Der CDU als stärkste Kraft im Land droht nach der Landtagswahl in Niedersachsen die Oppositionsrolle. Allmählich beginnt der Wahlkampf.

Hannover - Wenn er etwas verabscheut, dann ist es übertriebenes Pathos. David McAllister macht sich manchmal sogar einen Spaß daraus, andere vorzuführen. Zum Beispiel, als er 2010 zum Antrittsbesuch beim hannoverschen Oberbürgermeister Stephan Weil (SPD) erschien. Damals wartete das Stadtoberhaupt vor dem Rathausportal, wo normalerweise die Limousinen vorfahren. McAllisters Dienstwagen aber kam und kam nicht. Plötzlich näherte sich der Ministerpräsident zu Fuß – er hatte sich in einer Seitenstraße absetzen lassen, war die letzten Meter gelaufen. Den Pomp, der Antrittsbesuchen eigen ist, wollte er umgehen.

 

Zwei Jahre liegt die Episode schon zurück, aber der niedersächsische Ministerpräsident erzählt sie immer noch gern. Vielleicht auch deshalb, weil Oberbürgermeister Weil heute SPD-Spitzenkandidat für die Landtagswahl am 20. Januar ist und ihn gern ablösen will. Außerdem unterstellt McAllister seinem Herausforderer, dass der für das Gehabe in hohen Ämtern viel empfänglicher sei als er selbst. McAllister jedenfalls hat sich geschworen, im Amt einen besonderen Stil zu prägen – möglichst wenig Aufhebens um das hohe Staatsamt, denn das geht auf Kosten seiner Natürlichkeit. Oft schimmert bei diesem CDU-Politiker durch, dass er nicht abheben will oder sich auffressen lassen will vom Regelwerk des Amtes. Gern wäre er „der Mac“, der er früher in seiner dörflichen Heimat Bad Bederkesa war, einem Dorf nahe Cuxhaven an der Nordseeküste. Denn dieser Person haben die Menschen vorbehaltlos und ohne Hintergedanken die Meinung gesagt – ein Umstand, mit dem hohe Politiker eben nicht immer rechnen können.

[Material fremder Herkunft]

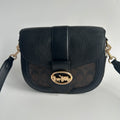 Coach Georgie Saddle Bag Brown Black Signature Canvas Leather C2806 Excellent
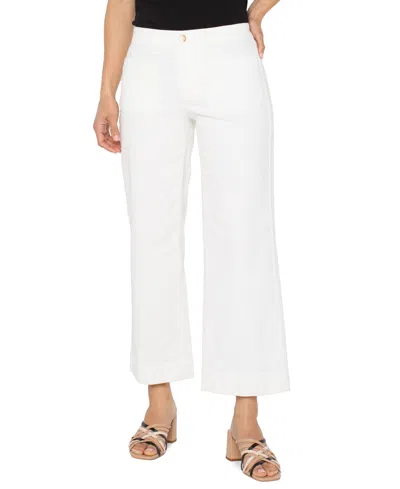 Liverpool Los Angeles Corduroy Crop Wide Leg Pants In White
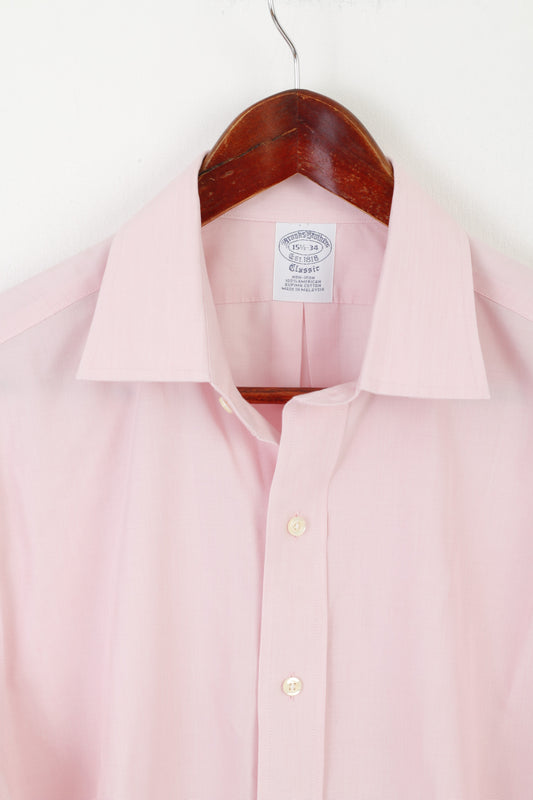 Brooks Brothers Classic Men 15.5 34 L Casual Shirt Pink Cotton Cuff Long Sleeve Top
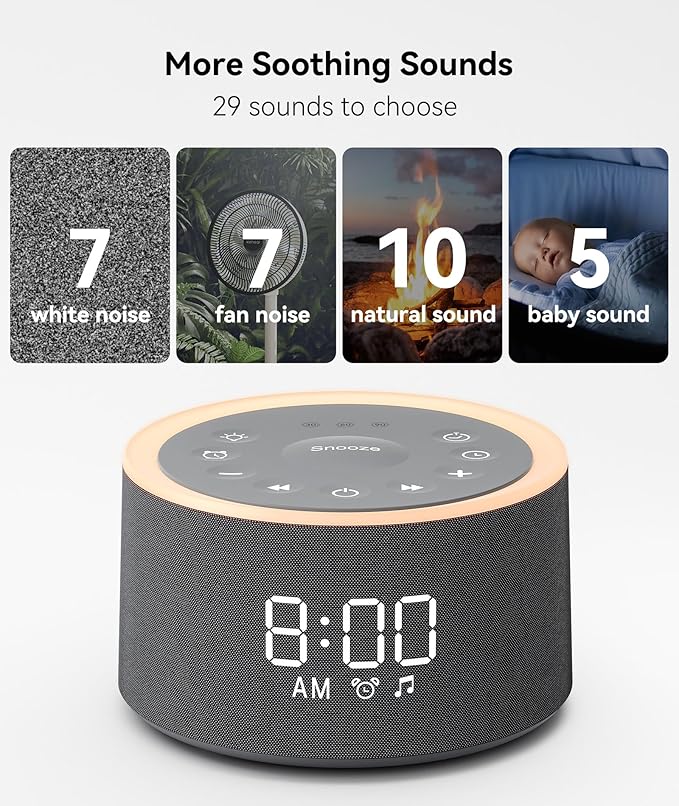Dreamegg D1+ Sound Machine & Alarm Clock - Sound Machine for Sleep, White Noise Machine with 29 Soothing Sounds, Night Light, 0-100% Dimmable, White Noise Alarm Clock for Bedrooms Adults Baby, Black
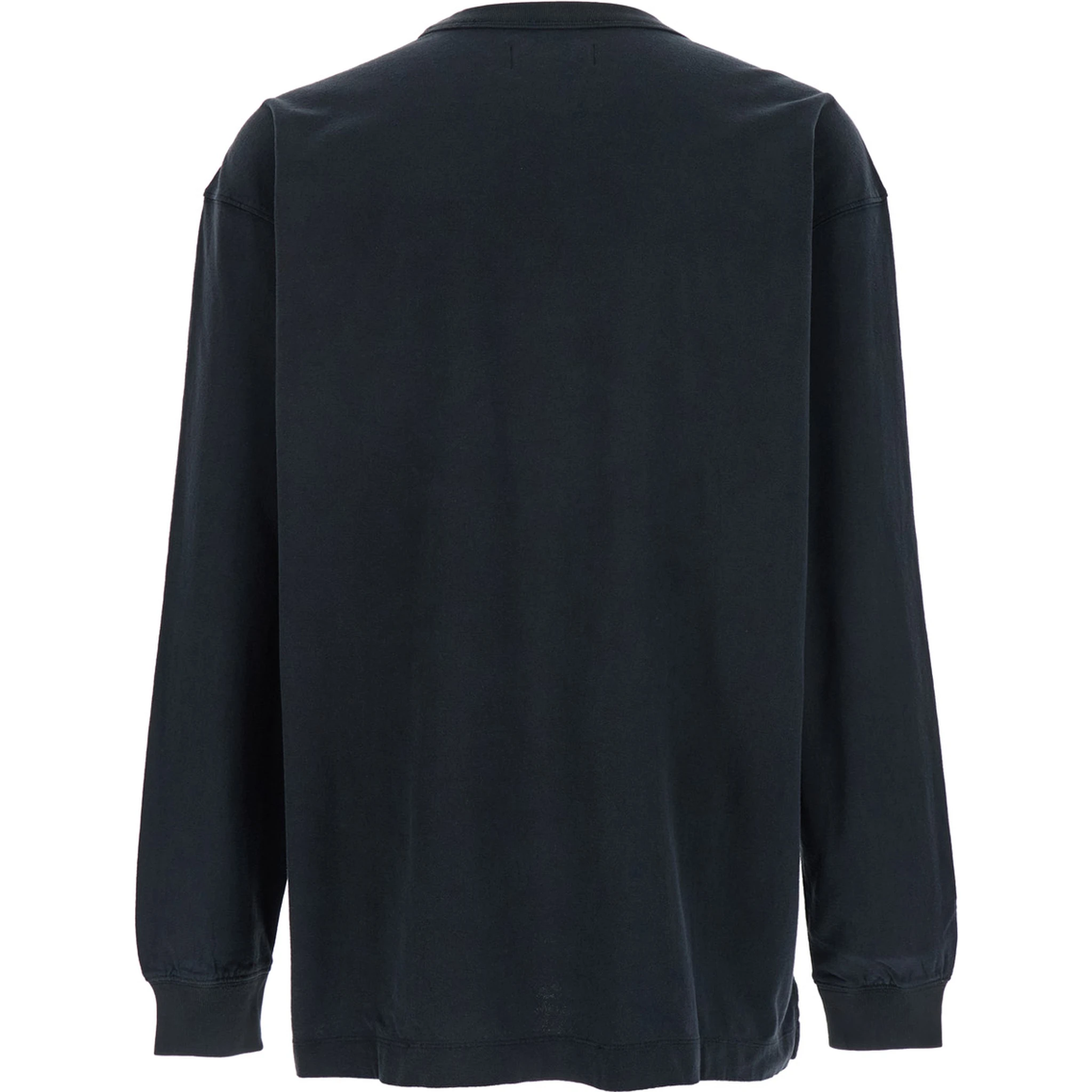 Black Crewneck T-Shirt with Long Sleeves and Tonal Logo Lettering Embroidery on the Front in Cotton Man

Die Umfragen sagen eine rot-grüne Mehrheit im Landtag voraus

In nicht einmal mehr zwei Monaten wird in Niedersachsen ein neuer Landtag gewählt, und dann könnte es mit der Ministerpräsidentschaft des 41-Jährigen schon wieder vorbei sein. Die Umfragen sagen nämlich eine rot-grüne Mehrheit im Landtag voraus. Obwohl der Herausforderer Weil nicht annähernd so bekannt und populär ist wie McAllister, könnte er den Wechsel nach zehn Jahren Schwarz-Gelb schaffen. Der Grund liegt im kleinen Partner der CDU, der FDP. Sie könnte laut Umfragen die Fünfprozenthürde nicht schaffen – und obwohl die CDU mit deutlichem Abstand stärkste Kraft im Land ist, kann das Wahlergebnis für McAllister die Opposition bedeuten. Für die Union wäre das bundesweit eine Blamage, denn McAllister gilt in der Riege der 40-Jährigen als stärkste Figur, er gilt als großes politisches Talent und zeichnet sich durch eine große Treue zur Kanzlerin aus. Während sein Vorgänger Christian Wulff immer darauf bedacht war, sich von Angela Merkel abzugrenzen und die eigene Klugheit herauszustellen, will McAllister solche Profilierungsversuche vermeiden, auch im Wahlkampf.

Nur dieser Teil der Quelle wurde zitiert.